There’s a lot of hard-to-find music in this chapter, so I’ve gathered some of my favorite Berber Auto-Tune songs here.
Let’s start with the exempary Hafida! This was the style that first caught my ear back in the early 2000s when I was living in Barcelona. Hafida’s sound is fairly of this style of Amazigh wedding music. All-female backing bands like hers are a rarity in Morocco.
Some of Jamila Tamntaght's videos
Adil El Miloudi
Next up is Adil El Miloudi. These days he's more of a straightforward Moroccan pop star. That said, he has released several albums in the style of this first clip, where Auto-Tuned vocals sit atop all-acoustic arrangements of utar (a Berber string instrument) and percussion.
“ ‘Auto-Tune gives you a better me,’ said Adil without missing a beat.” (p.38)
After the Adil utar song comes "Inas Inas," the final single from utar master Mohammed Rouicha, who passed away in 2012. As the premier utarist/vocalist, Rouicha never used vocal processing, although there’s light Auto-Tuning on the female chorus in this song.
Before and After Auto-Tune
Time for some comparison listens: here’s the same song, performed in the 1980s by Fatima Tihihit with acoustic instrumentation, and versioned by SaadiaTihihit in 2012.

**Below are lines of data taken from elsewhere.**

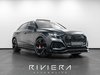 Audi RS Q8 TFSI V8 Vorsprung SUV 4.0 Automatic Petrol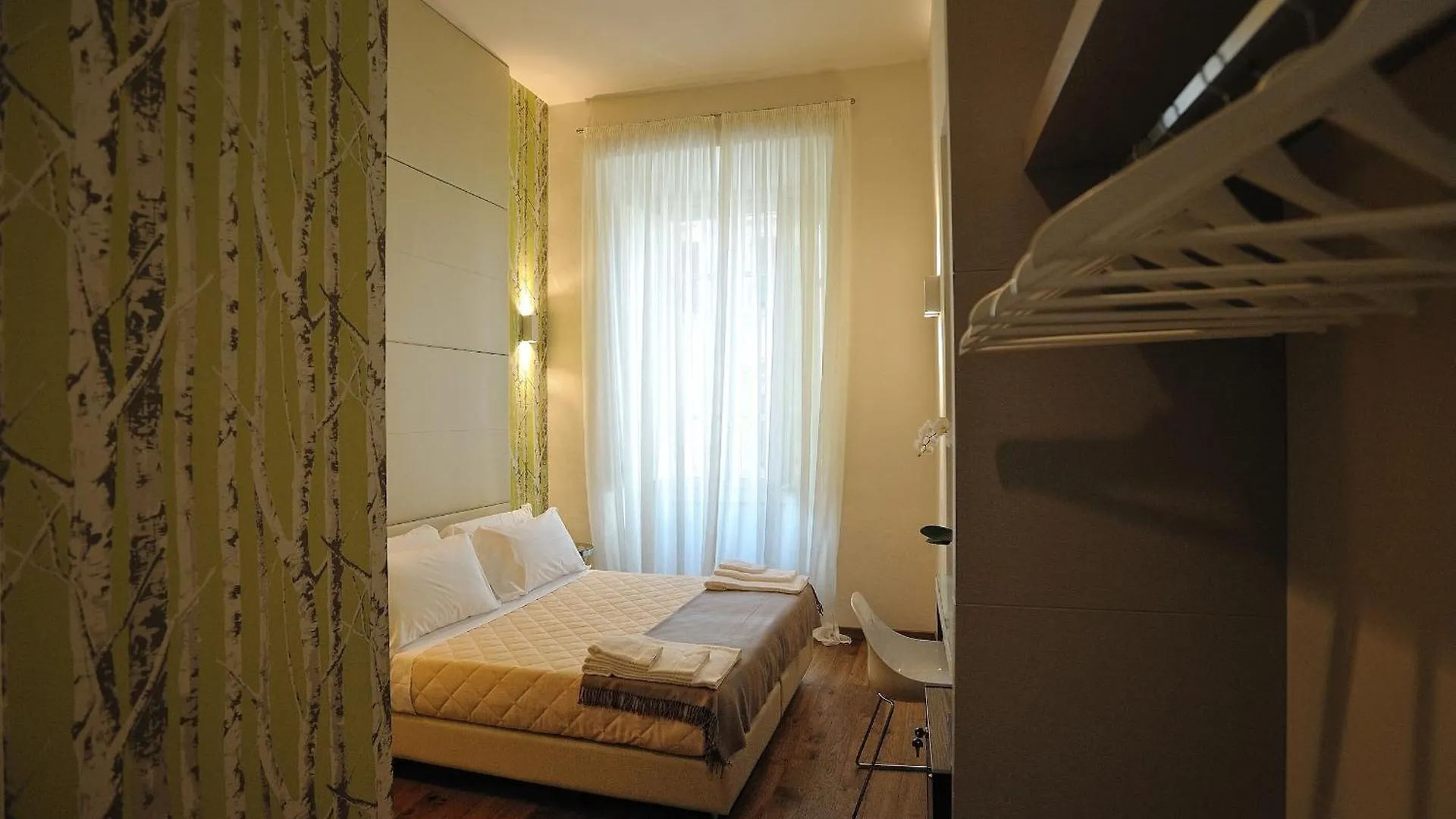 Luxury B&B La Dimora Degli Angeli
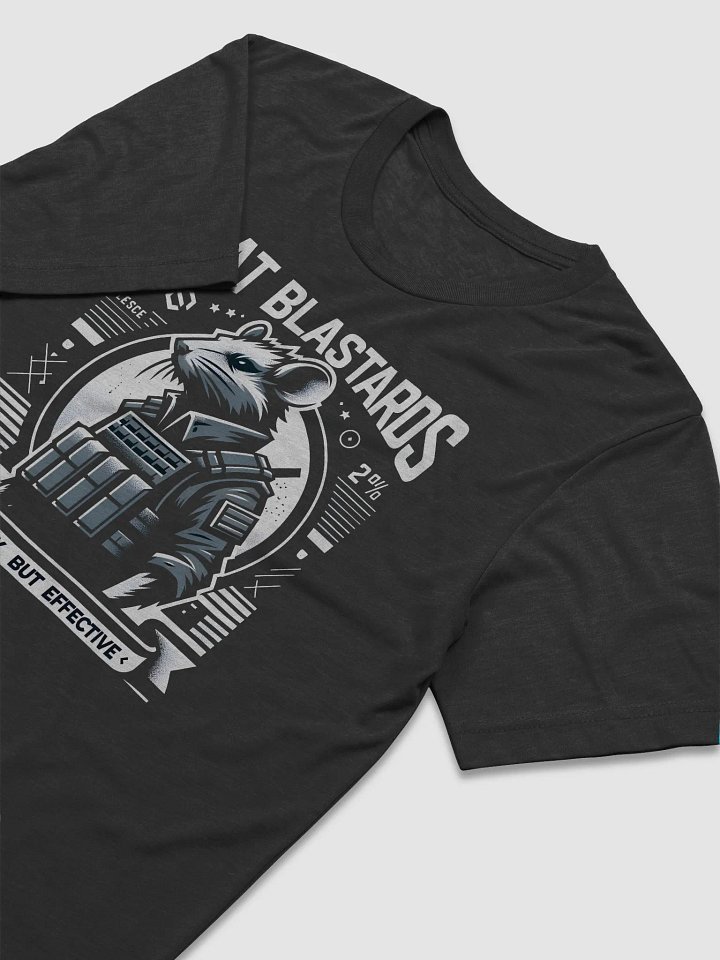 Sloppy but Effective T-Shirt product image (2)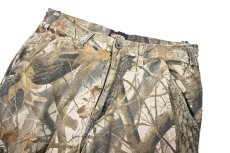 画像2: Used Outfitters Ridge Realtree Camo Cargo Pants Hardwoods (2)
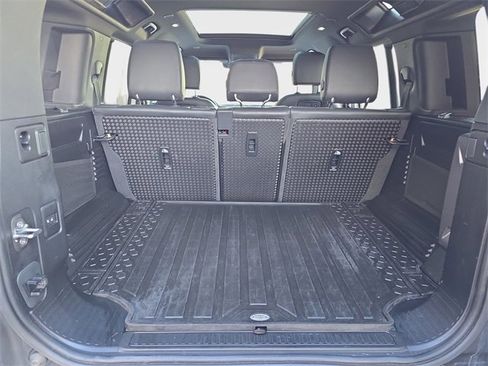 Certified 2021 Land Rover Defender 110 X-Dynamic SE image 14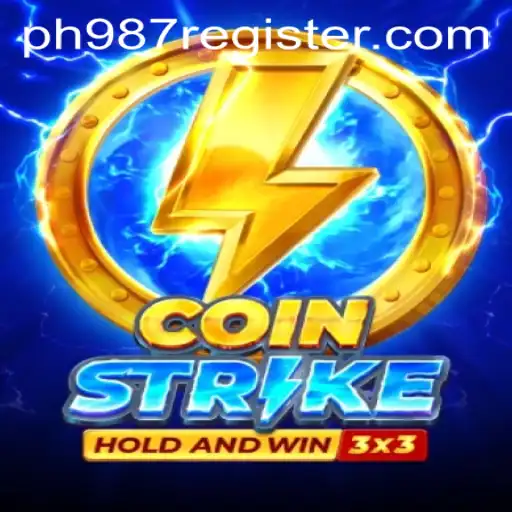CoinStrike: Master the Art of Strategic Play with Code PH987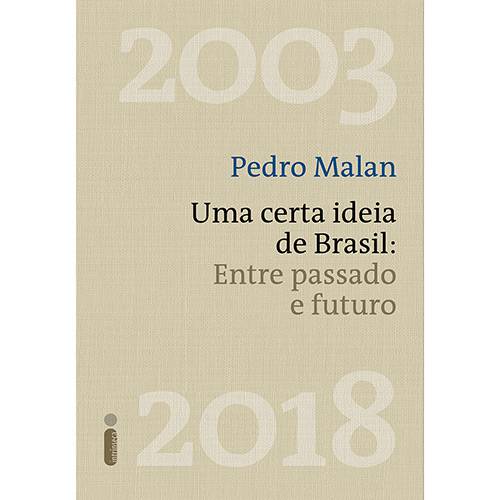 Tamanhos, Medidas e Dimensões do produto Livro - uma Certa Ideia de Brasil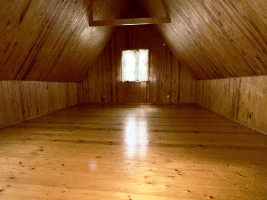 Parduodamas namas Bimbiškių k., Molėtų r. sav., 106.55 m2 ploto, 2 aukštai 12
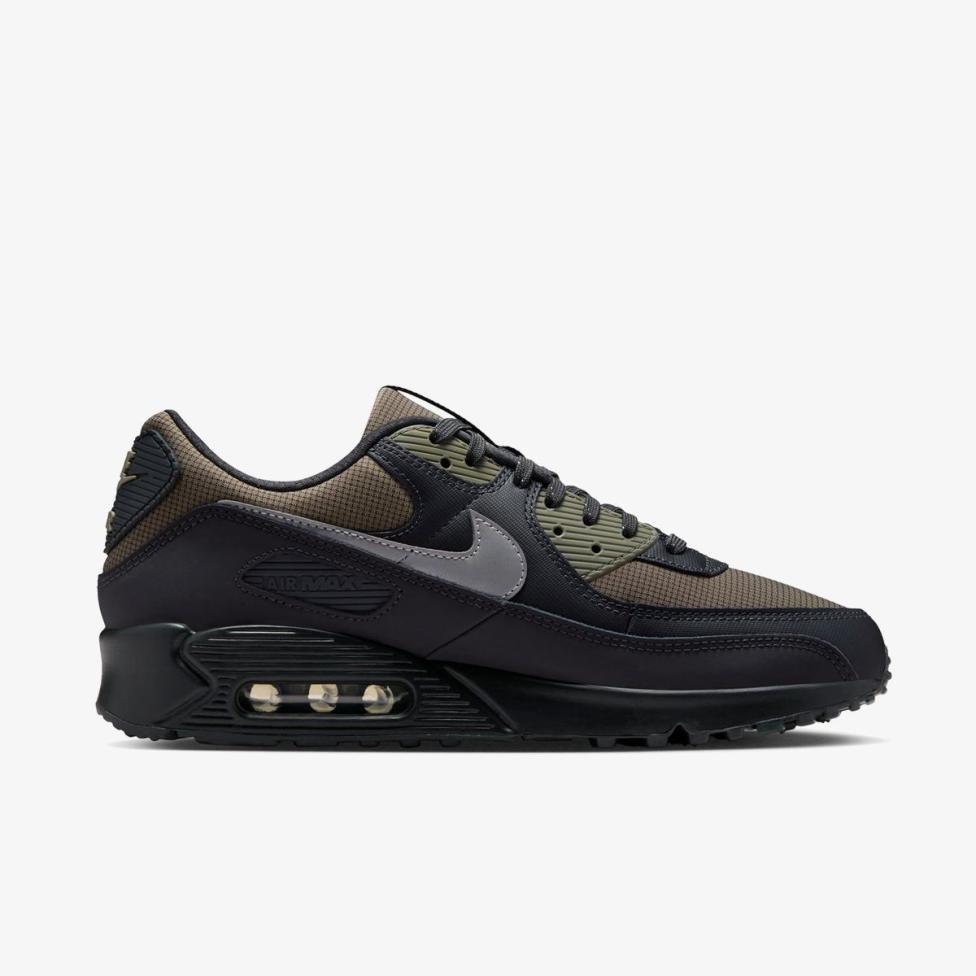 Чоловічі кросівки NIKE AIR MAX 90_image_3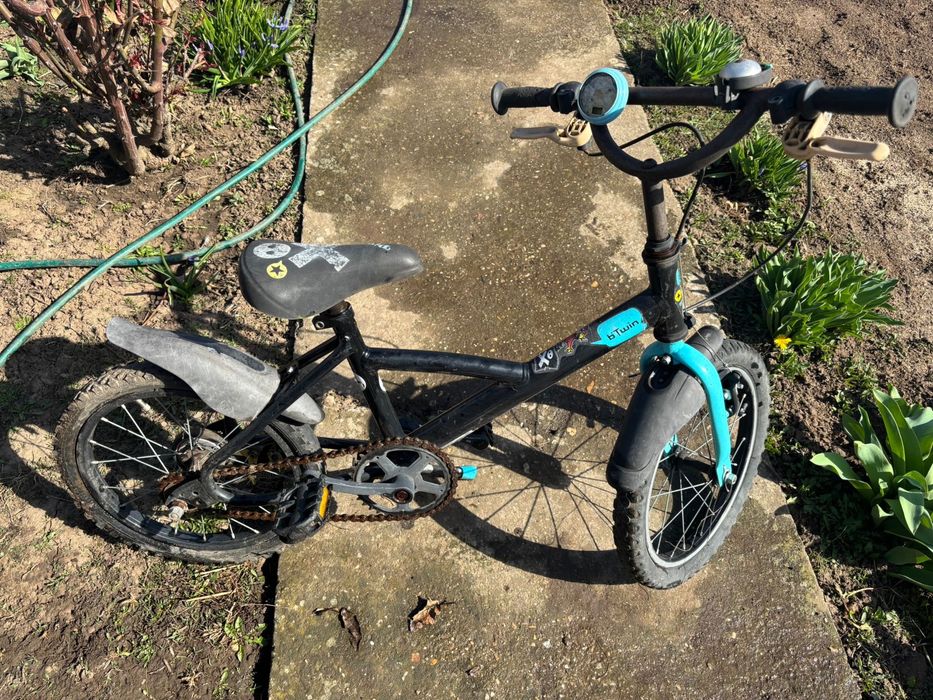 De vanzare biciclete copii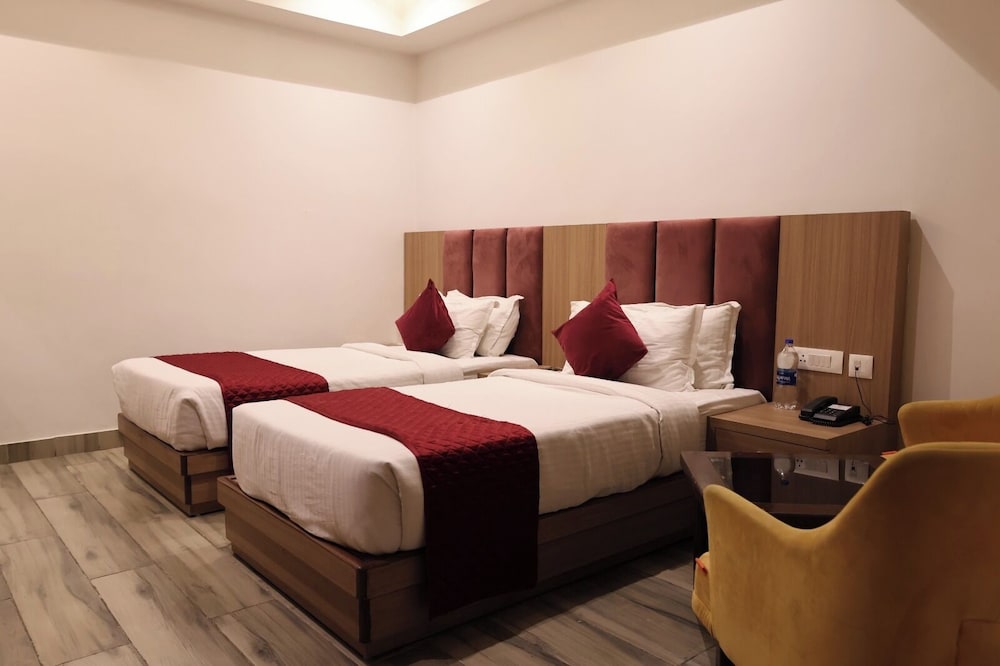 Signature Room
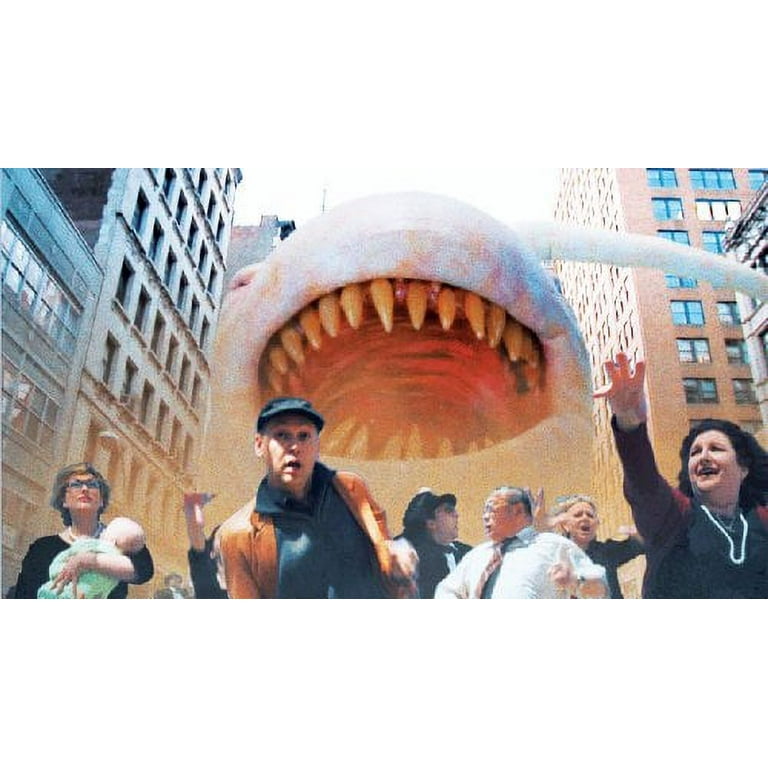 Image Entertainment - Chillerama [BLU-RAY] - Walmart.com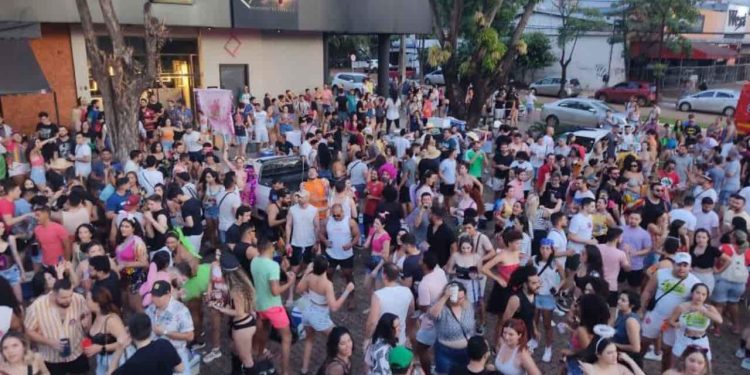 Carnaval em Palmas conta com programação cultural e religiosa; confira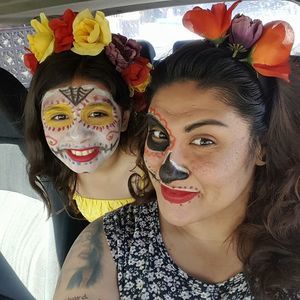 Meet your Posher, Rosie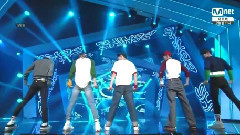 View - Mnet M!Countdown 现场版 15/06/11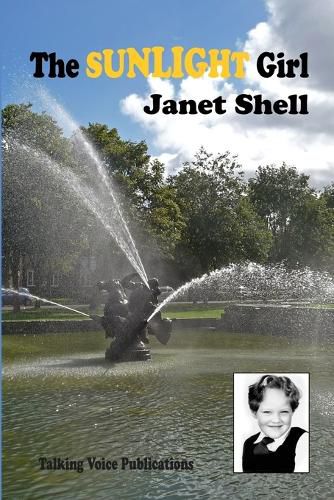 Cover image for The Sunlight Girl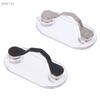 Fashion Magnetic Clothes Clip Buckle–Multi-Function For Glasses/Headset Line Storage, Portable Eyeglass Hang Holder&Brooch Pin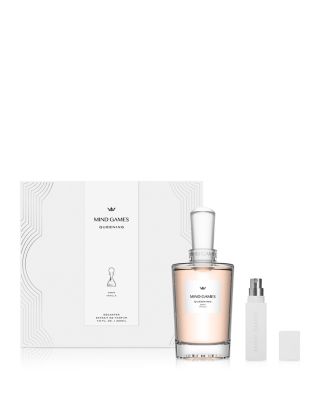 Queening Extrait de Parfum Decanter Gift Set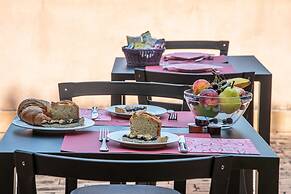 Relais Borgo Campello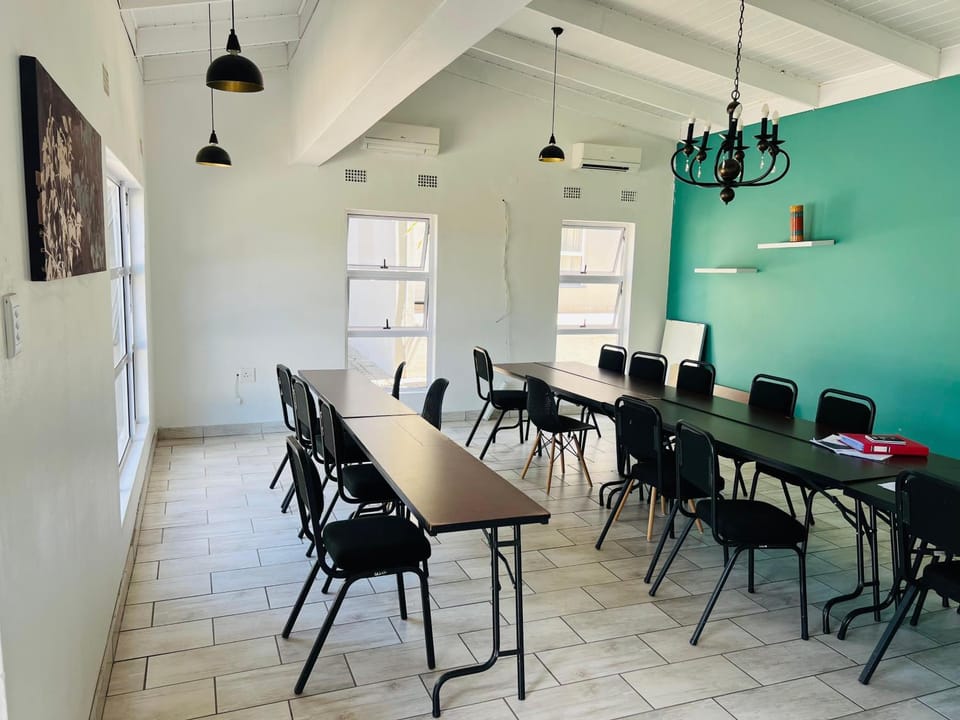 Meeting/conference room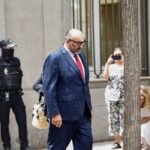 El juez del ‘caso Koldo’ avala el registro en el que se intervinieron las grabaciones que acorralan a Cerdán y Ábalos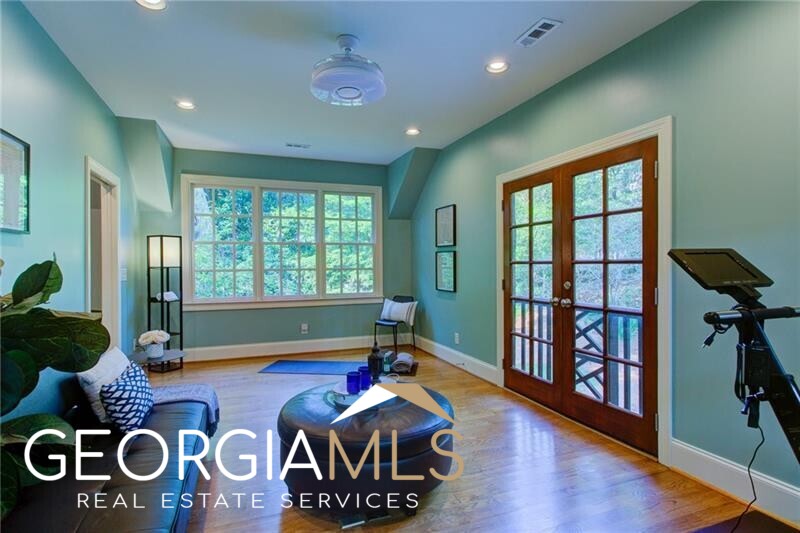 Peachtree Park - Residential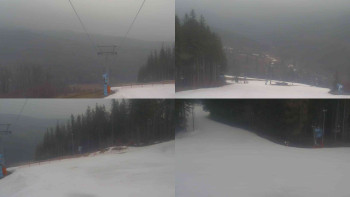 Ski Karlov - areál Karlov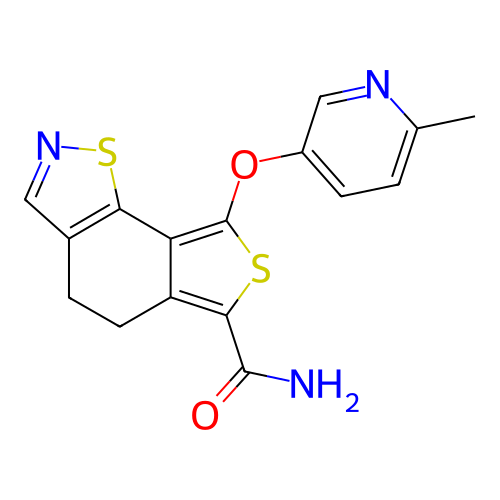 Chemical structure of BindingDB Monomer ID 50248638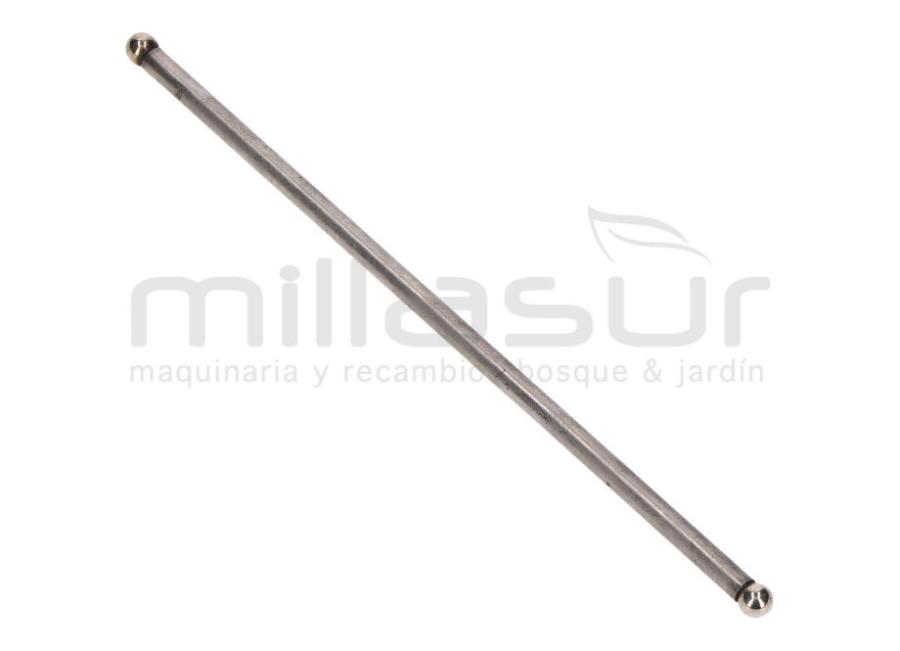 ROCKER ARM PUSH ROD HONDA GX160, GX200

Songs like this next one by Wary were what led me to interview him int he first place. His production is audibly expat insofar as Wary makes a pastiche of various regional sounds: the melody line in "Sallama" comes from an old song by Berber group Archach, to which he adds a reggada kick drum pattern, and so on. Following that's a reggada track from the Nojoum Wislane compilation. Note how the male and female voices are Auto-Tuned differently -- the female soprano gets a more extreme treatment. The timbre of her voice nearly matches that of the violin.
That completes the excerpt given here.